*STORED DATA*:
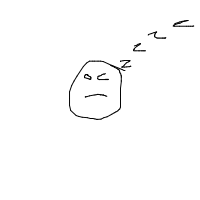 sleeping drawing by guest-bdpm132dy in Artbitrator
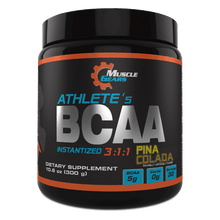 Load image into Gallery viewer, Muscle Gears - Athletes BCAA - Pina Colada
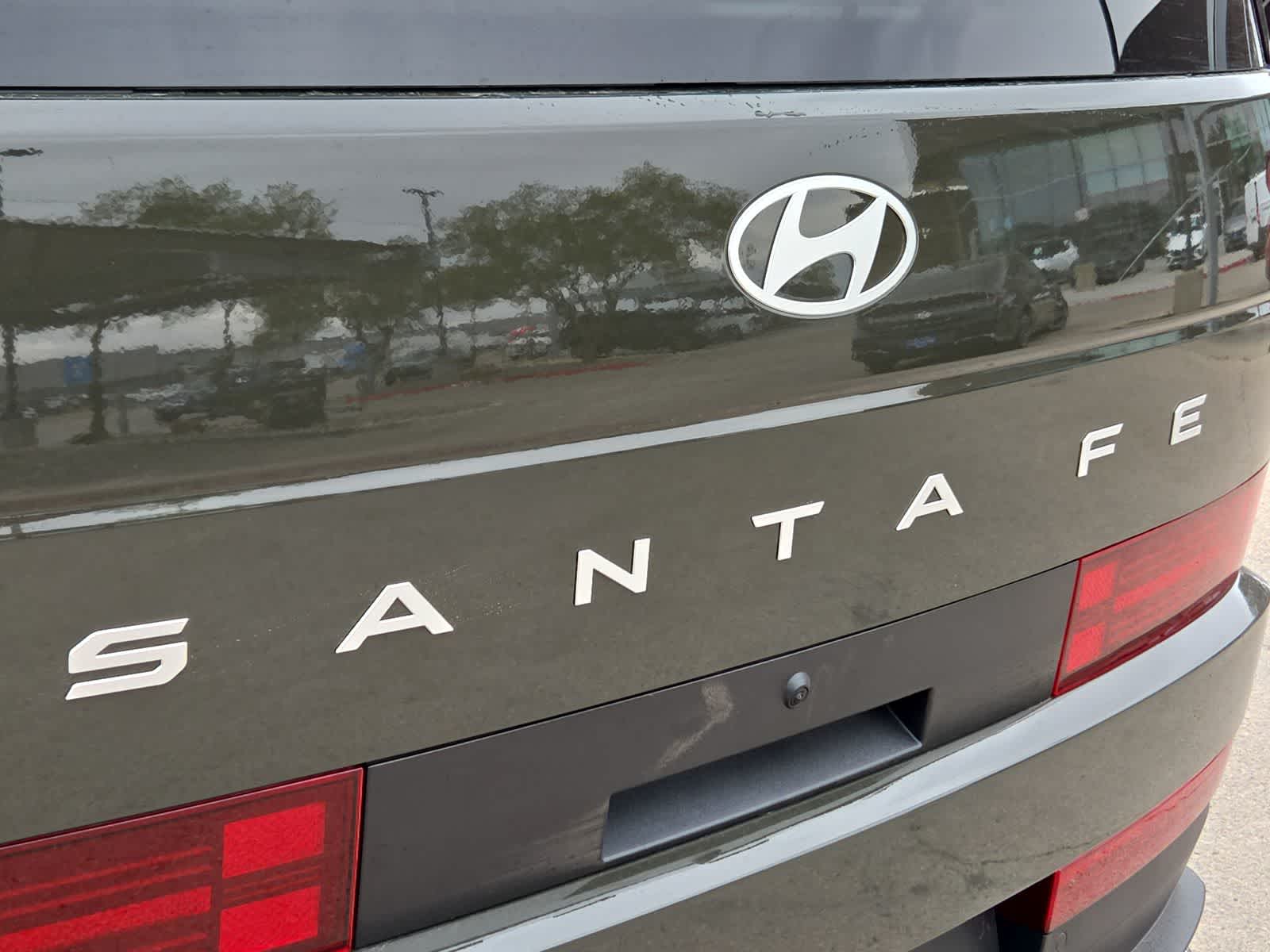 Thumbnail: 2026 Hyundai Santa Fe - 11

*WORK INSTRUCTIONS*:
Every line from the one containing "Load image into" to the end of the material above is to be returned exactly, with the pictures left out.

*WRITTEN SOLUTION*:
 Load image into Gallery viewer, Muscle Gears - Athletes BCAA - Pina Colada
 Thumbnail: 2026 Hyundai Santa Fe - 11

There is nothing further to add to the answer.